RECORDS PROVIDED:
________________________________________

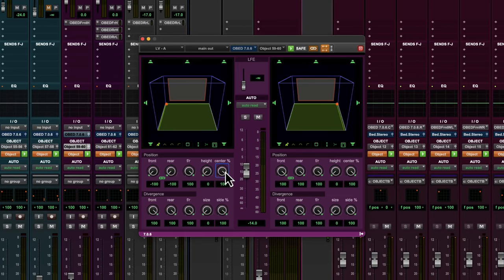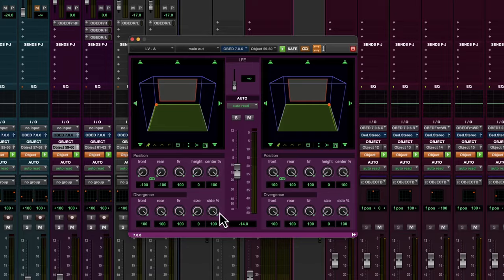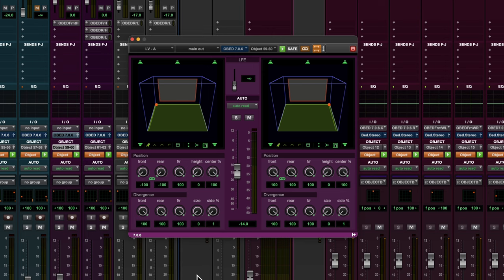Reducing the center percentage value makes the center speaker at the top of the grid less visible. At zero, the center speaker is completely invisible, indicating full phantom center. For 7.1 and 7.0 surround formats, the side percentage controls whether there are discrete side channels or phantom side channels for the track. As you decrease the side percentage value, the speakers located on the sides of the grid become less visible. At zero, the side speakers are entirely invisible, indicating a full phantom center setting.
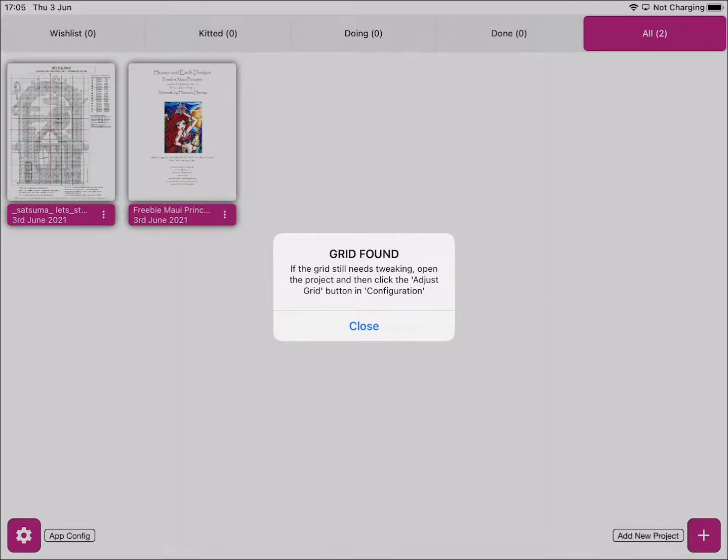We get a message saying that the grid has been found on the chart. If the grid still needs tweaking, we can open the project and then click the Adjust Grid button in the configuration settings.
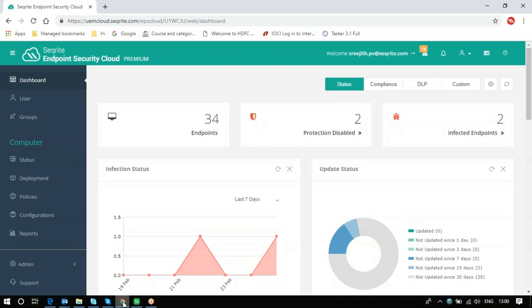Hi all, in this video we are going to see how we will track the status of clients in EPS Cloud. For that, login to EPS Cloud and you will be landing into the dashboard of EPS Cloud.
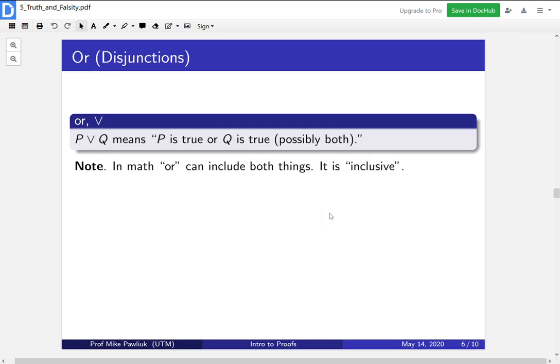Now we move on to ORs, or disjunctions. This V symbol is OR. So P OR Q means P is true, or Q is true, or possibly both. In math, when we say OR, we mean that it can include both things — this is called being an inclusive OR. Sometimes in English when we use OR, we don't really mean it to be inclusive. When you say 'tonight I'm either going to go for a run or I'm going to eat chips,' you don't usually mean you could possibly do both. But in math, we'll always mean inclusive OR.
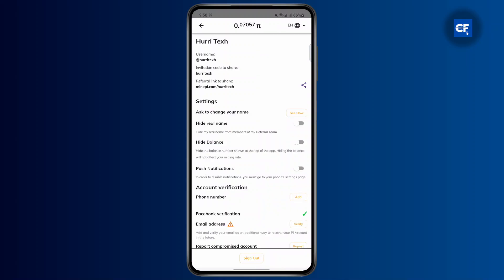You'll be able to see all of your profile details here. You can hide your real name, hide balance, and many more options.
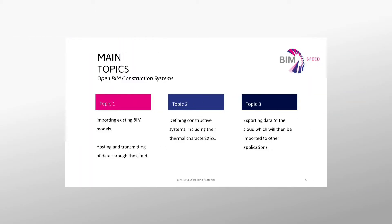In the video, we will explain the following topics: importing existing BIM models, hosting and transmitting of data through the cloud, defining constructive systems, including their thermal characteristics, exporting data to the cloud, which will then be imported to other applications.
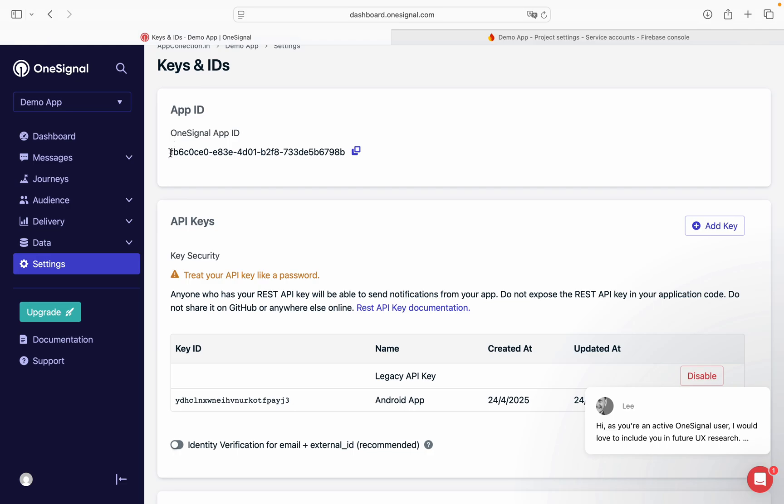And at the above you can see OneSignal app ID. This one is your OneSignal app ID. Enter this in Web2Web Pro and notification will work in your app. Thank you.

________________________________________

PROBLEM STATEMENT:
Transcribe exactly the lines above, running from the one that contains "You'll be able" through the final line of the listing, and skip every picture.

TASK OUTPUT:
You'll be able to see all of your profile details here. You can hide your real name, hide balance, and many more options.
In the video, we will explain the following topics: importing existing BIM models, hosting and transmitting of data through the cloud, defining constructive systems, including their thermal characteristics, exporting data to the cloud, which will then be imported to other applications.
And at the above you can see OneSignal app ID. This one is your OneSignal app ID. Enter this in Web2Web Pro and notification will work in your app. Thank you.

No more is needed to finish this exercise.